··· RECORDS TO USE
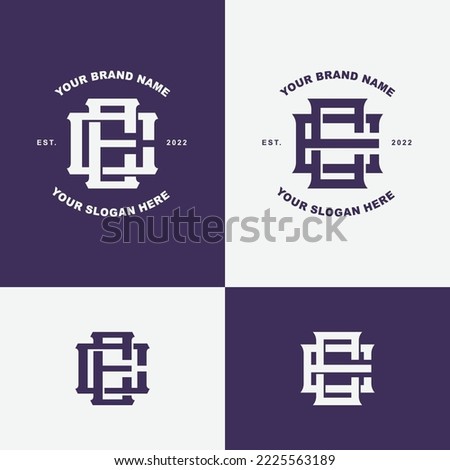 Monogram collection letter CE or EC with interlock style good for brand, clothing, apparel, streetwear, baseball, basketball, football and etc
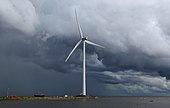 A wind turbine in Huikku, Hailuoto, Finland Huikku Hailuoto 20160803.jpg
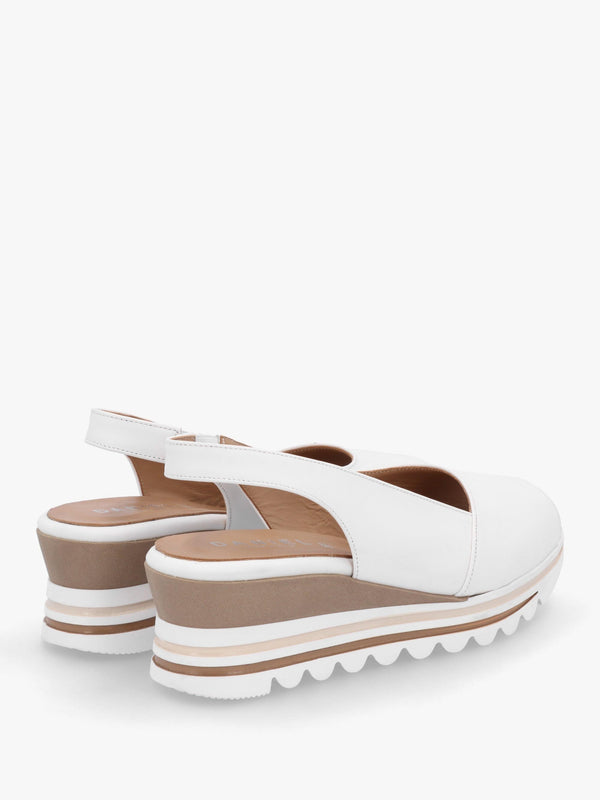 Canna White Leather Peep Toe Wedge Sandals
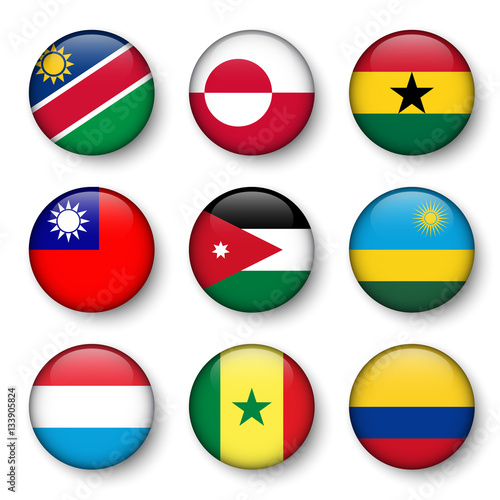 Set of world flags round badges ( Namibia . Greenland . Ghana . Taiwan . Jordan . Rwanda . Luxembourg . Senegal . Colombia )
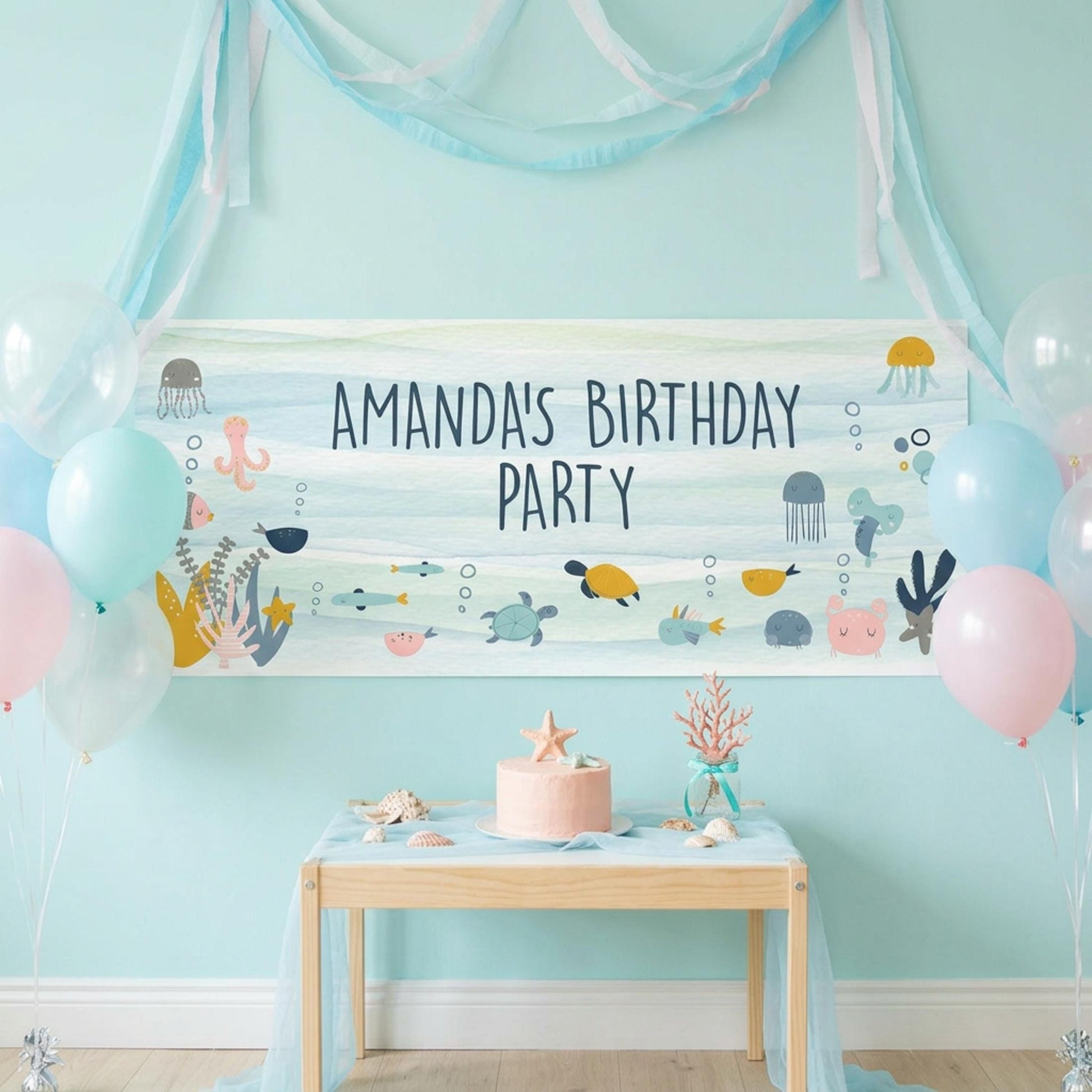 Personalised Under The Sea Birthday Banner, Custom Ocean Theme Party Backdrop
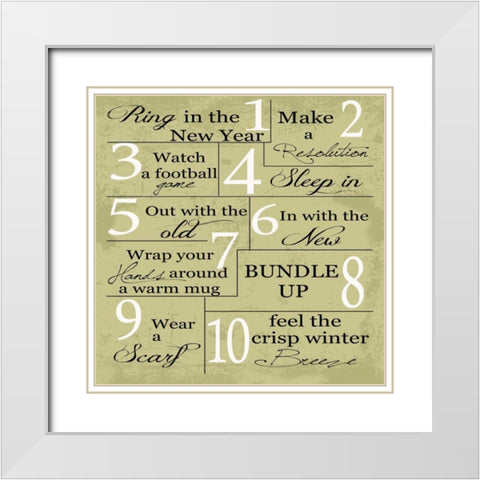 WINTER White Modern Wood Framed Art Print with Double Matting by Greene, Taylor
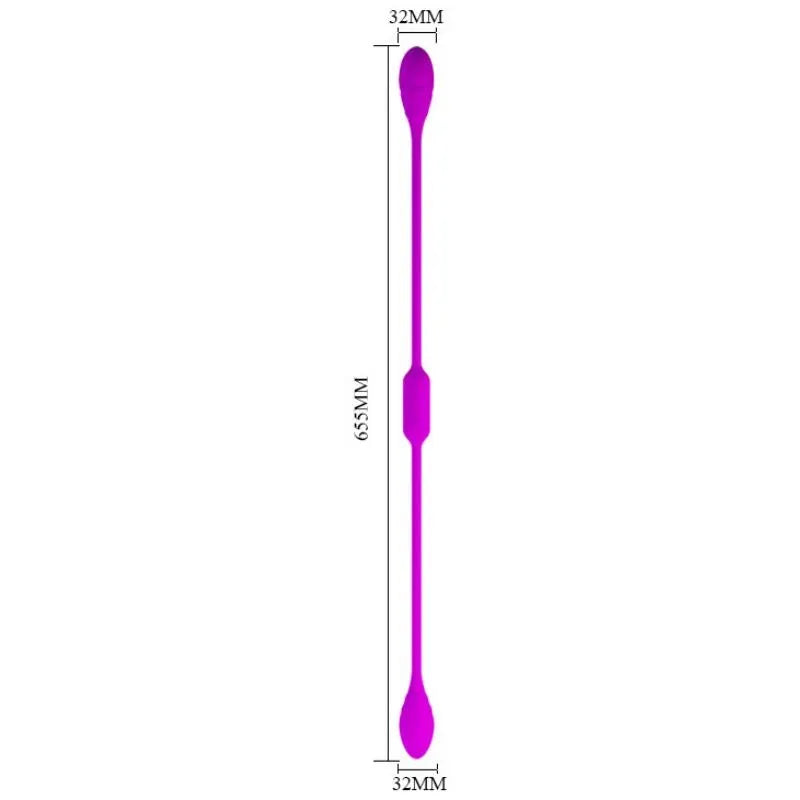Fouet vibrant silicone violet, double extrémité, 12 modes vibration, pliable, rechargeable USB, pour couples.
······
__THE TASK__:
From the opening line of the entries above to the line containing "Canna White Leather Peep Toe Wedge Sandals", please transcribe each line exactly, skipping every picture.

__WRITTEN ANSWER__:
 Monogram collection letter CE or EC with interlock style good for brand, clothing, apparel, streetwear, baseball, basketball, football and etc
 A wind turbine in Huikku, Hailuoto, Finland Huikku Hailuoto 20160803.jpg
 Canna White Leather Peep Toe Wedge Sandals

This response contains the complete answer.